Royal Parade: 4 Things You Might Have Missed

His Majesty the King at a military parade in Saraburi province on Jan. 18, 2020.

BANGKOK — Nearly 7,000 troops from all four branches of the armed forces – the army, navy, air force, and police – participated in a grandiose military parade before Their Majesties the King and Queen on Saturday.

Although Thailand is never known for a lack of parades and military shows, Saturday’s ceremony in Saraburi province certainly stood out for several reasons that a casual observer might have missed.

It’s the first parade of its kind in 2 decades

The last time the Thai armed forces organized a joint full-scale parade and pledge of allegiance by the military and police was June 1996, back when King Bhumibol was celebrating his 50th anniversary on the throne, surpassing any previous Thai monarch.

And the first parade presided over by King Rama X

King Vajiralongkorn and Queen Suthida personally observed the massive parade on Saturday, where 6,812 troops from 39 different units and a variety of military hardwares were on display.

It celebrated two occasions: in honor of His Majesty’s coronation in May 2019 and marking the 428th anniversary of a battle that freed Thai people from the vassalage of the Taungoo Empire, which is now in present-day Myanmar.

The King sports a new uniform

Instead of the usual red outfit and a tall, plumed cap of an armed forces commander, King Vajiralongkorn and Queen Suthida appeared at the parade replesdent in the white uniform and pith helmet, a dress code exclusive to the King’s elite Ratchawallop Retainers guards corps.

Ratchawallop Retainers, who form the inner circle of the palace’s military apparatus, have been associated with King Vajiralongkorn since his years as the Crown Prince, but this is the first time a monarch donned the uniform of the corps to preside over a joint parade.

The gesture might symbolize a cordial tie between His Majesty and his royal corps.

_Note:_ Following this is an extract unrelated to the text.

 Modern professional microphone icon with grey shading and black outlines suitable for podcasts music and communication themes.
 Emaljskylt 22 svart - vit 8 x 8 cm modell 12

Army chief Gen. Apirat Kongsompong was also clad in the all-white Ratchawallop uniform.

Apirat takes his appearance very seriously

And since we’re talking about Gen. Apirat, it’s worth noting that a certain “lifehack” shared by the army chief attracted much attention on social media.

Writing online, Bangkok Post reporter Wassana Nanuam, who routinely publishes information on behalf of the military, revealed that Gen. Apirat attached a small magnet to his army ID card, and placed another one inside his uniform, to prevent the plastic card from swinging about when walking.